Sunday, 3 July 2011

Goodbye to the land of green things

I have been slack again! I am now in Scotland and I haven't even finished posting about Ireland!

From Lisdoonvarna, which is on the Atlantic Coast near the Cliffs of Moher, I traveled to Belfast. When I was in St Albans I found out that Fleet Foxes was playing in Belfast and I really wanted to see a band overseas. I caught a taxi to the venue as I was running late and the taxi man was very surprised and somewhat concerned about the fact that I was travelling alone. But he was nice, he told me which taxis had a license and which didn't and a ballpark figure for what it would cost to get home so I could check I wasn't overcharged. One thing I love about taxis over here is that they charge by distance, not by time.

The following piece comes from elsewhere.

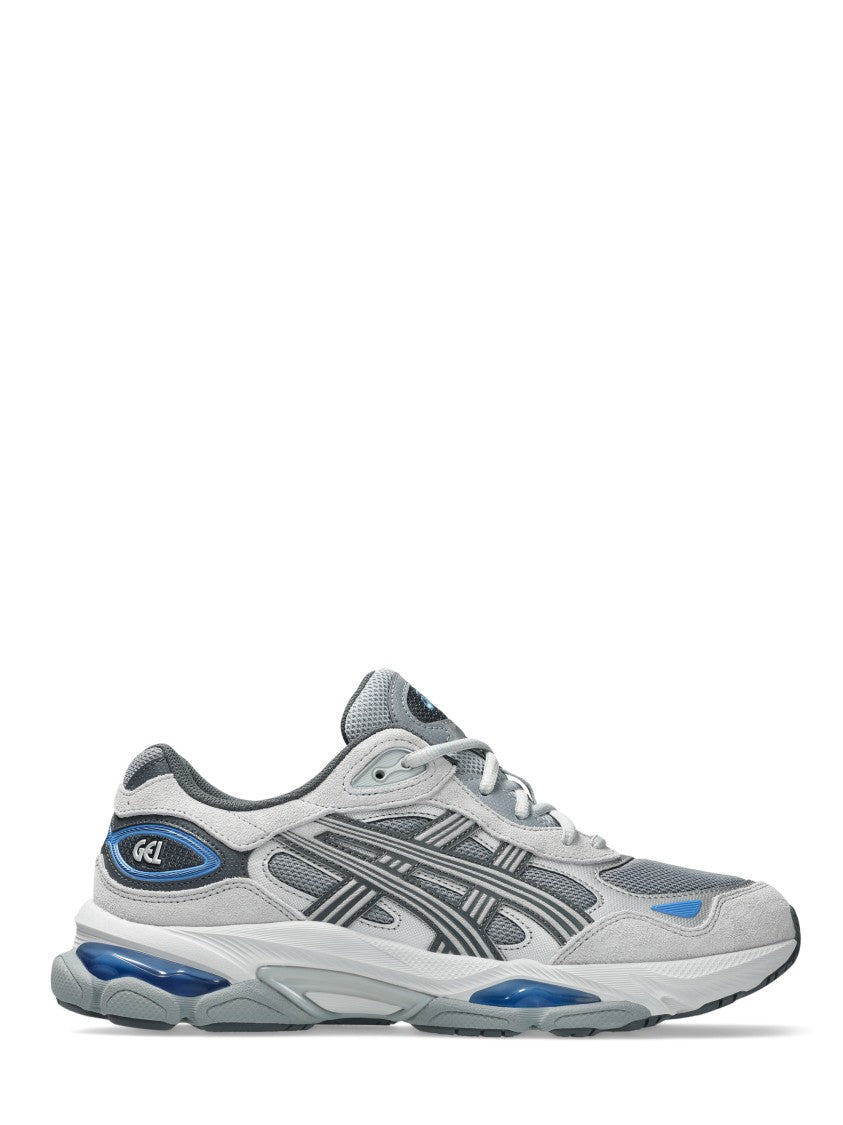 Asics Layered Mesh Sneakers With Gel Cushioning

While waiting in the line I could tell that the girls behind me weren't Irish so I asked where they were from and ended up making some new friends from Florida for the evening. They let me tag along and I think the concert was much more enjoyable having someone to share it with :) They also gave me some advice on what to do with my extra spare day. I had planned to stay in Galway originally so I was in Belfast longer than expected because of the concert. The concert was well worth it. It was an open air event in a main square and part of a week long festival of performers. I unfortunately missed Laura Marling the previous night because I was still riding. But I kept standing there thinking "I am at a Fleet Foxes Gig standing out in the open air under a sunny Irish Sky." So good. And although Fleet Foxes on cd are reasonably mellow they seem much more upbeat live. They have a really good vibe and they sound so fantastic. He really gets into it, he broke a string after practically every song and had a guy stringing guitars at the side of the stage for him. And the support band was amazing too.

So the next day I took their advice and wandered into the city to the City Hall to find a bus to take me to Belfast Castle and Cavehill Country Park. The lady at the bus stands was lovely and told me which bus to catch and which ticket would be cheapest for me. While I was sitting waiting I heard a local guy telling an Asian man about Cavehill and mentioned that that was where I was going. In doing so I ended up with a local guide on my bus ride and some company for my hike. Having been riding for a week and hardly using my legs at all hiking to the top was probably a stupid thing to do, but I was determined to reach the very top. I am finding that I hate to be defeated by something, especially if it is my fault, once I decide to do something. So about an hour and a half later we reached the top of the highest point in Belfast. They say that it looks like the face of a man lying down and so call it Napoleon's Nose. Gulliver's Travels was based on it. The views were amazing, you can see all 3 regions of Belfast, including the bear below pacing in the zoo.

City Hall

the view from Belfast Castle

Then I did an open top tour with my new friend of the day; Nova. Whilst Belfast is not a very pretty city, nor does it have a great vibe, the history is very interesting. Sad of course like the rest of Irish history seems to be, but interesting. The hotel above the bus station is the most bombed building in Europe. It has been hit 30 times. Most of Belfast is relatively new as it was bombed to bits during the war and had to be rebuilt. As such there are not very many historical buildings around. There are also no homes in the centre of Belfast. During the troubles the centre was sectioned off into a secure zone and it was illegal to have residence there as it could be dangerous for residents or they could cause trouble. Although the zones do not exists anymore you can tell where they were. The city is thriving and busy and you turn one corner and it is all dead like Hunter Street.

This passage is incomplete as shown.